> [Exercise brief] How many lines in the material below include the string "Christmas"? Answer with the number only.

> [Provided information]
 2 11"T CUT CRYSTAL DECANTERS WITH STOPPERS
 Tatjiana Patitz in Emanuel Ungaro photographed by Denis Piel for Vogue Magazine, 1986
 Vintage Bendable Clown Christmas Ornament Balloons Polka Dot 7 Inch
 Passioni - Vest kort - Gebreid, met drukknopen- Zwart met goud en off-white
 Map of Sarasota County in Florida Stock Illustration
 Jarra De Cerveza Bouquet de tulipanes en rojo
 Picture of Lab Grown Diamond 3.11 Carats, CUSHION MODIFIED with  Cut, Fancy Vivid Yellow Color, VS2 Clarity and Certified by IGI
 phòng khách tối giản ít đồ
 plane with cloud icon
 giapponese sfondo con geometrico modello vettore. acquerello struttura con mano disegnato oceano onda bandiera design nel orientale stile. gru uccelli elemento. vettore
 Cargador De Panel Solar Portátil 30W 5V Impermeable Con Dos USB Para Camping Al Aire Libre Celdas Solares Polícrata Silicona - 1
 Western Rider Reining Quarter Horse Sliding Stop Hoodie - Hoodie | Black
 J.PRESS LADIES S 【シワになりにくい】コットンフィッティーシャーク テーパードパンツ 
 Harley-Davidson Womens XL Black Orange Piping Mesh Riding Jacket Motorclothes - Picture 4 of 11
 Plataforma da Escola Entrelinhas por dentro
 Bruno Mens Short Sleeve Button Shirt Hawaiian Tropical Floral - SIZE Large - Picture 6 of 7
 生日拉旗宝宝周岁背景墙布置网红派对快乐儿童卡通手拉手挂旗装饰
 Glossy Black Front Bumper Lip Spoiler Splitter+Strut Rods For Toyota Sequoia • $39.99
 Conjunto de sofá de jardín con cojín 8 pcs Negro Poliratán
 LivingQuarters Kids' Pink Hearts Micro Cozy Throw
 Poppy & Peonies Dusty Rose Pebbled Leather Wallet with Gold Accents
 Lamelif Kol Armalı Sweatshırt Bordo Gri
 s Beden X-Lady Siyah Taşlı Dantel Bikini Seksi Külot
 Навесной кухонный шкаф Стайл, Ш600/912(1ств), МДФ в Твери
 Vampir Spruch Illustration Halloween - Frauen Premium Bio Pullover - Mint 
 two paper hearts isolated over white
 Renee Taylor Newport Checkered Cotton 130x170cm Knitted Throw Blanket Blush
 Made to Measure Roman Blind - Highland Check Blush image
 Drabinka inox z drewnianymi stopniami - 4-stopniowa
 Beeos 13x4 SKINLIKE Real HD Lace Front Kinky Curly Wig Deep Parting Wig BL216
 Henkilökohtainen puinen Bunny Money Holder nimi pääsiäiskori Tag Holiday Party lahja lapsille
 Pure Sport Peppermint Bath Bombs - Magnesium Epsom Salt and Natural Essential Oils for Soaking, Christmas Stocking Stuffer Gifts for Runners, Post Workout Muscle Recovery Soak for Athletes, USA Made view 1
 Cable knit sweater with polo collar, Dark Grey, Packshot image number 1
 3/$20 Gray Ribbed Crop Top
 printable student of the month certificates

> [Output of the task] 2